## TASK DETAILS
Scan the records and identify every line in which the string "Thumbnail" occurs, then return those lines.
═════ RECORDS PROVIDED
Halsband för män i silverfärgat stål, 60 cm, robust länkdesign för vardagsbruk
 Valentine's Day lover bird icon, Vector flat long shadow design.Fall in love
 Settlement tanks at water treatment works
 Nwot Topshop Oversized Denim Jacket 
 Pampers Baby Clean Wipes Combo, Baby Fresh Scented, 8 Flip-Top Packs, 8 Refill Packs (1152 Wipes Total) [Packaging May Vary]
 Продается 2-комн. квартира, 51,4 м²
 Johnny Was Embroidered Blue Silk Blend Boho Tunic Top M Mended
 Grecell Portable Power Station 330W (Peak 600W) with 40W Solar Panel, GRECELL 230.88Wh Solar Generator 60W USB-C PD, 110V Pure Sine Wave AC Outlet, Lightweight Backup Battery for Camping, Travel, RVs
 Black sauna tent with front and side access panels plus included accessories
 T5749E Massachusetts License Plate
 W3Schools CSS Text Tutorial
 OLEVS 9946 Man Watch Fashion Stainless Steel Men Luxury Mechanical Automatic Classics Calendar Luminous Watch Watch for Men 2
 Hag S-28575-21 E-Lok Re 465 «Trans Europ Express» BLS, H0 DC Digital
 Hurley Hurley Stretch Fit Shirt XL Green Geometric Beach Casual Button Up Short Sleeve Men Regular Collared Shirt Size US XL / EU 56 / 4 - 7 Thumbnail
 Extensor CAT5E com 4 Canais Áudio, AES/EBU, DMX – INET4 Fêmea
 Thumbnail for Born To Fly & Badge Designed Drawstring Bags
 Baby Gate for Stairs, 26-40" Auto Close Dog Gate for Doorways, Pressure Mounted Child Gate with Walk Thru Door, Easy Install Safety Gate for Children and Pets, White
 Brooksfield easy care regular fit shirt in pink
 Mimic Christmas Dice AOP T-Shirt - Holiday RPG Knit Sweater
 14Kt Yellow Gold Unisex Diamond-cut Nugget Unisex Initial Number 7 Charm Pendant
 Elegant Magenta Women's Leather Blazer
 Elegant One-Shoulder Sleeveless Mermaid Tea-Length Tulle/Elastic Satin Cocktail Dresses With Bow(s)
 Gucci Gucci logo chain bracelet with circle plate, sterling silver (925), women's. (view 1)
══════════
## ANSWER BOX
 Hurley Hurley Stretch Fit Shirt XL Green Geometric Beach Casual Button Up Short Sleeve Men Regular Collared Shirt Size US XL / EU 56 / 4 - 7 Thumbnail
 Thumbnail for Born To Fly & Badge Designed Drawstring Bags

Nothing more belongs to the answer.